587 Значит, ответ на вопрошание Яхве будет следующим: сам Яхве омрачает собственное провидение и не выказывает ни малейшего понимания. Он, так сказать, переводит стрелки на Иова и порицает того за собственные деяния: человеку не позволено иметь мнение о божестве, особенно же возбраняется прозорливость, которой божество лишено. На протяжении семидесяти одного стиха Яхве вещает о могуществе творца мира, обращаясь к несчастной жертве, что посыпает себя пеплом и скребет свои струпья, сполна успев осознать сверхчеловеческое насилие. Иову совершенно не нужно вновь и вновь слушать об этом могуществе. Яхве в своем всеведении мог бы, конечно, постичь, сколь неуместно в подобной ситуации запугивание. Ему нетрудно было бы увидеть, что Иов по-прежнему верит в его всемогущество, как верил и раньше, никогда в нем не сомневался и никогда не предавал своего бога. Но бог уделяет Иову так мало внимания, что по праву возникает подозрение в наличии какого-то другого, более важного для него мотива: Иов — не более чем внешний повод к разбирательству внутри самого божества. Громогласно вещая Иову, Яхве настолько очевидно общается не с тем, с кем следует, что поневоле замечаешь: бог сильно занят самим собой. Эмфатическое выпячивание собственного всемогущества и величия с его стороны не имеет никакого смысла для Иова, ведь последний и без того не нуждается в убеждении; оно становится понятным лишь тому, кто сомневается в боге. Этот дух сомнения — Сатана, после своих злодеяний вернувшийся в отчее лоно, дабы продолжить свою подрывную деятельность. Разумеется, Яхве должен был видеть, что верность Иова непоколебима и что Сатана проиграл спор. Также он должен понимать, что, ввязываясь в этот спор, сделал все, чтобы довести своего верного раба до измены, даже до совершения целого ряда преступлений. Но отнюдь не раскаяние, не говоря уже о моральном ужасе, возникает в его сознании; скорее, появляется смутное ощущение того, что присутствует сомнение в его всемогуществе. (В этом отношении Яхве особенно чувствителен, ибо «сила» — великий довод. Однако всеведение знает, что силой нельзя оправдать что угодно.) Такое подозрение относится, конечно, к тому в высшей степени неприятному обстоятельству, что Яхве поддался на уговоры Сатаны. Правда, этот изъян не осознается ясно, поскольку к Сатане проявляют великое терпение и оглядку. Его интриги явно упускаются из виду в ущерб Иову.

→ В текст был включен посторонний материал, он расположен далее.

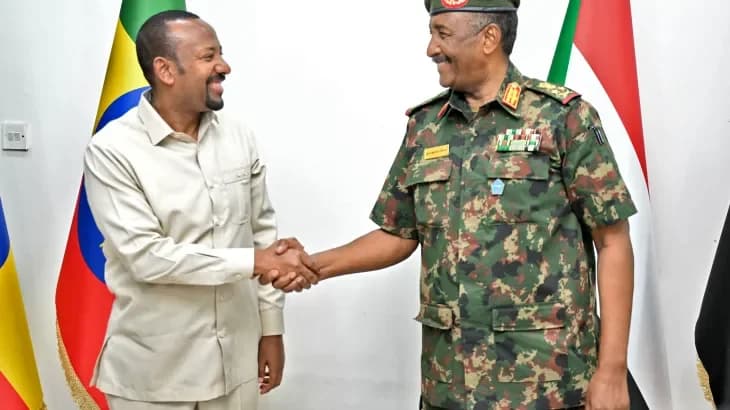 Ethiopian Prime Minister Abiy Ahmed Meets Sudan’s Armed Forces Chief Amid Efforts to End Conflict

588 По счастью, Иов, внемля возвышенным речам, понимает, что речь идет обо всем, кроме его права. Он осознает, что прямо сейчас невозможно отстаивать свои права, ибо предельно ясно, что Яхве нисколько не заинтересован в деле Иова, что бог занят собственными вопросами. Сатана же должен как-то исчезнуть. Это и происходит, благодаря тому, что на Иова падает подозрение в бунтарстве. Тем самым ситуация преображается, а случай с Сатаной остается необсужденным и неосознанным. Зрителю не совсем очевидно, почему всемогущество показывается Иову посредством грома и молнии, однако зрелище само по себе оказывается достаточно внушительным и убеждает не только всю публику, но и в первую очередь самого Яхве в неоспоримом божественном могуществе. Сознает ли Иов, какое насилие тем самым Яхве чинит над своим всеведением, — этого мы не знаем, но его молчание и смирение оставляют открытым ряд возможностей. Так что Иов просто вынужден по всей форме отозвать свой иск, вот он и отвечает уже приведенными словами: «Руку мою полагаю на уста мои».